And see, these are when we can create these wrappers or these applications of what is really going on when people change and they're changing on how they're making meaning of their life, how they're interpreting meanings in their lives.
We can do significant work to help people in that process of reorganizing towards what they want to organize to.
Whereas it happens naturally, people do it anyway, but it can take a long time.
And sometimes it'll never there's not enough time for it to ever even actually happen in a person's experience.
But we can we can help it along with these wrappers without forcing it.
We create the conditions for it to happen.
And we can do that, you know, as practitioners, but we can also do it for ourselves.
We can do it on our own because really a practitioner isn't making it happen.
The practitioner is just simply recognizing what's going on in the person already and then just helping that person to navigate it better.
And kind of holding the space of witness, shining the light on things that their conscious mind would have otherwise suppressed or run away from, or, you know, otherwise thought was the danger.
Yes.
And making it a safe and comfortable space for that to occur.
Oh, absolutely.
It's very helpful.
And the more the bigger point is that the person holding space isn't creating the change.
They're helping the conditions.
And most definitely not responsible for the change.
Yeah, it's and this is the key for a wrapper or an application is is it's using what the person is already has going on and their own ability to self-organizing.
It's self-organized towards an end that they would like.
But helping them in that process, we're really holding space for is them to go through their own process.
But the guidance we offer is really a guidance through their own process.
When it's done right, when it's done the best.
A lot of times it's not that.
A lot of it's people telling, well, you should do this.
You should do that.
And coming up all kinds of applications that have no real bearing.
That are not helpful.
No, they're not helpful at all.
Having a plan before you meet, even meet a client or even know what their issue is, is so ridiculous.
And like ourselves going into that state where we can, you know, access the tool that's needed in the moment and trusting that that's the right one is, is like, I feel the most important thing.
Because it's not about us telling them what to do or how to feel or any of that.
It's like, just almost being like a conduit or providing a tool from the toolbox.
Yeah, exactly.
That is the one that fits into that particular screw or whatever.
Exactly.
Yeah, in the moment.
It's very much a done with you type of a process.
And a very intuitive process, I feel.
Well, it is.
It has to be because what you're describing really is you're relying on your entire mind, not just the conscious mind to do it.
And so then you have access to other tools, in particular insights and intuitions that you wouldn't have at a conscious level.
And if a person, a practitioner makes it too conscious, they are cutting off access to a lot of tools that they otherwise have at their disposal.
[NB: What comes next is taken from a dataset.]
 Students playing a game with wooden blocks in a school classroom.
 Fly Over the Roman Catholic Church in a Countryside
So remember before when I couldn't think of what I wanted to say?
I know it now.
Oh good, okay.
So it's the part in the paper where you were talking about the partnership, partnership with the conscious and the other than conscious.
And there were different points that you had.
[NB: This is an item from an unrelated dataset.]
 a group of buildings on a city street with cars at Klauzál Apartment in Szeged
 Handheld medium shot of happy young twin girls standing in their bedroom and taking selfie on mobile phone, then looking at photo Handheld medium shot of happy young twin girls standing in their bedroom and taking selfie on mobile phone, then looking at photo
One was provide orientation, which is focus your attention.
Another one was reduce internal contradiction, like notice things that are happening.
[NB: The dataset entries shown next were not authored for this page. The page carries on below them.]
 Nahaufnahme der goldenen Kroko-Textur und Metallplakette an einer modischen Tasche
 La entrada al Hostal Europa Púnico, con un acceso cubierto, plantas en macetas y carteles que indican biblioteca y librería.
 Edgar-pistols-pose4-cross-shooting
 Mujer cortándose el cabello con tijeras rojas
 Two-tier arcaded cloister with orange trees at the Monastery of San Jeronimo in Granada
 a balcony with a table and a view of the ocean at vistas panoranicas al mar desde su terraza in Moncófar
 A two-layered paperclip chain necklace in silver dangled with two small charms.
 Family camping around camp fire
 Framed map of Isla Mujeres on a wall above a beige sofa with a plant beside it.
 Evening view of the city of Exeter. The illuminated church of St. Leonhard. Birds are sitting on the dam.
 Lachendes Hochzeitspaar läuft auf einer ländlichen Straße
And then one was stop interfering, which I had remembered before.
Very good, you're doing great.
Another one was maintain continuity.
Yeah, so those were, I thought those were really cool to just define what they were in the communication between the conscious and other than conscious.
Yeah, there are very powerful connections.
I mean, it's totally connected.
So there's really no division between the two.
We're really manufacturing divisions and talking about it.
But it's okay because it allows us to talk about different aspects of it more conveniently.
But really, the conscious mind is very important to the process.
And it's very important to direct the process.
And it can be done because it's designed to do it that way.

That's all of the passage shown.